MATERIAL PROVIDED:
######

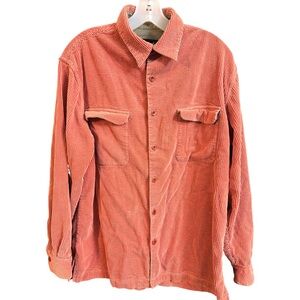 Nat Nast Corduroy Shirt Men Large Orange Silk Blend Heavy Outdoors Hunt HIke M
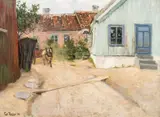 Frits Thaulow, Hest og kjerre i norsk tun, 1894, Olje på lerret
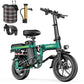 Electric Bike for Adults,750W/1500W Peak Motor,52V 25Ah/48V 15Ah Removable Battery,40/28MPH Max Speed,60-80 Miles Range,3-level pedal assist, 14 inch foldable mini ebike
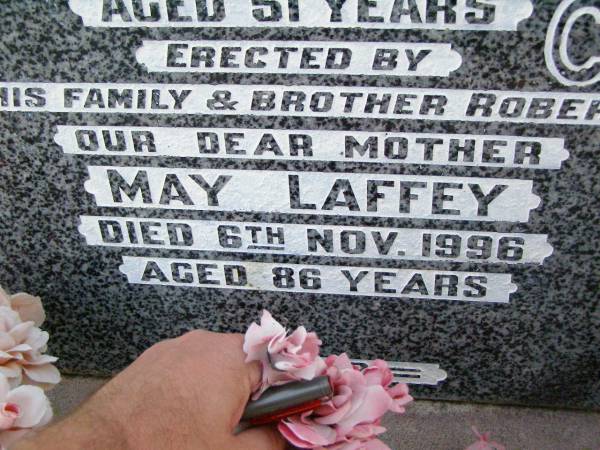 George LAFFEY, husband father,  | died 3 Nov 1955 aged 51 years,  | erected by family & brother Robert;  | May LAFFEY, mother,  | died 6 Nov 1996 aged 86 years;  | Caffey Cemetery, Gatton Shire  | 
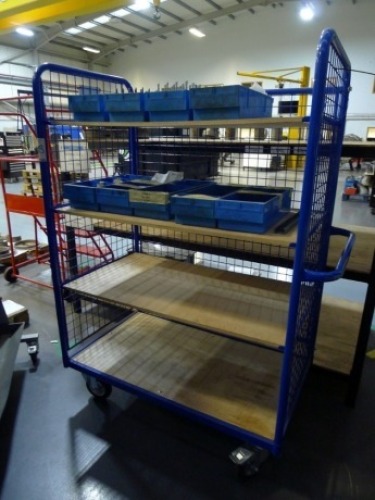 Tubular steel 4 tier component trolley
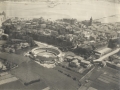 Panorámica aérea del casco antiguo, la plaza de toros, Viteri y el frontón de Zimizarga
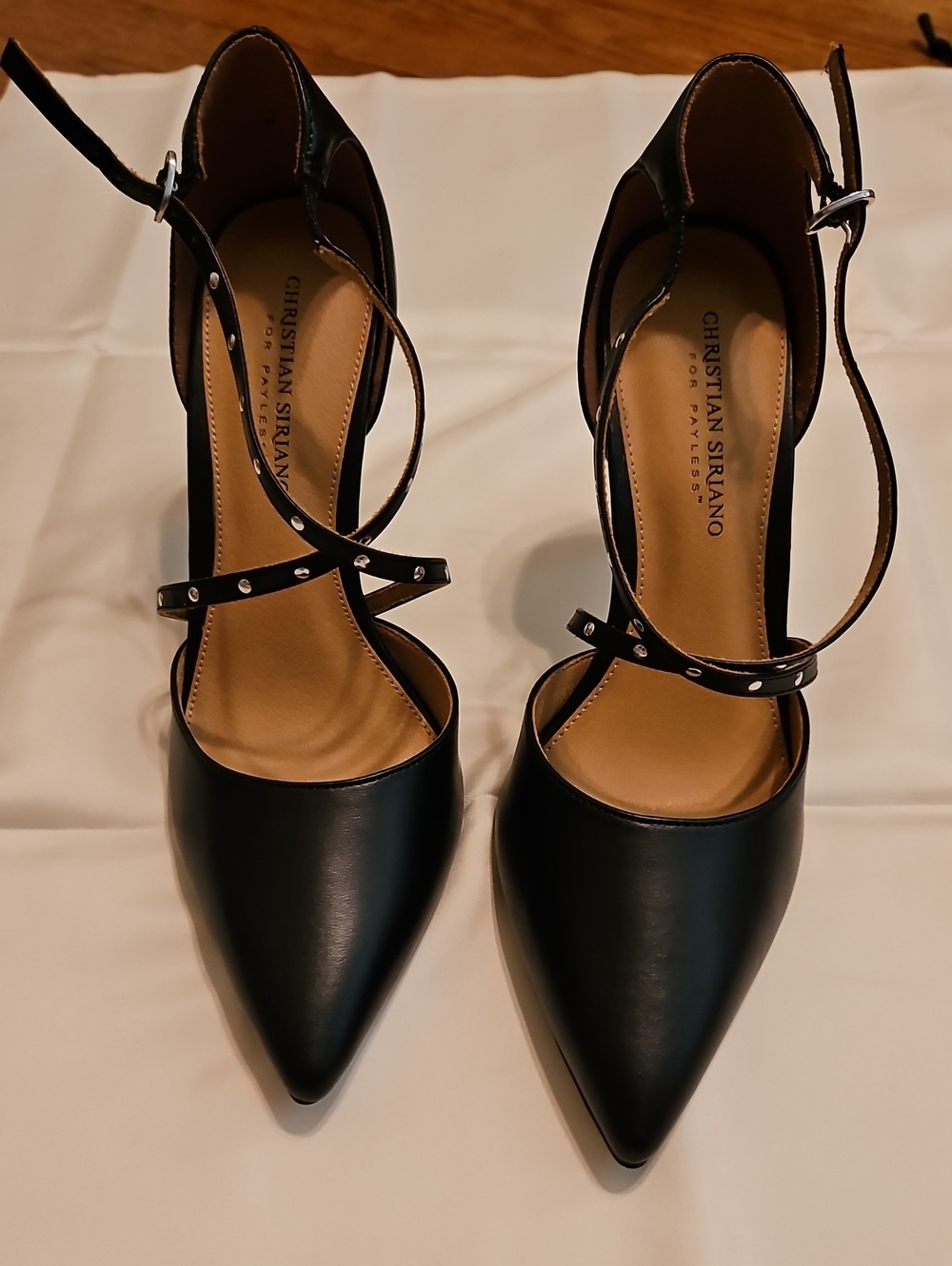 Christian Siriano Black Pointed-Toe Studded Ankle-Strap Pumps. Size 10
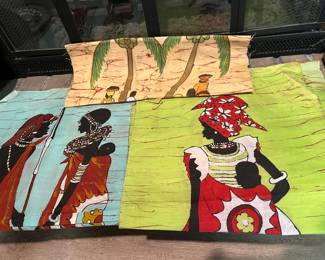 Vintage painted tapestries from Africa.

######

YOUR TASK: Now transcribe the lines above exactly, starting at the line containing "George LAFFEY, husband" and ending at the line containing "Christian Siriano Black", both lines included, pictures excluded.

ANSWER TO THE EXERCISE:
 George LAFFEY, husband father,  | died 3 Nov 1955 aged 51 years,  | erected by family & brother Robert;  | May LAFFEY, mother,  | died 6 Nov 1996 aged 86 years;  | Caffey Cemetery, Gatton Shire  | 
 Tubular steel 4 tier component trolley
 Panorámica aérea del casco antiguo, la plaza de toros, Viteri y el frontón de Zimizarga
 Christian Siriano Black Pointed-Toe Studded Ankle-Strap Pumps. Size 10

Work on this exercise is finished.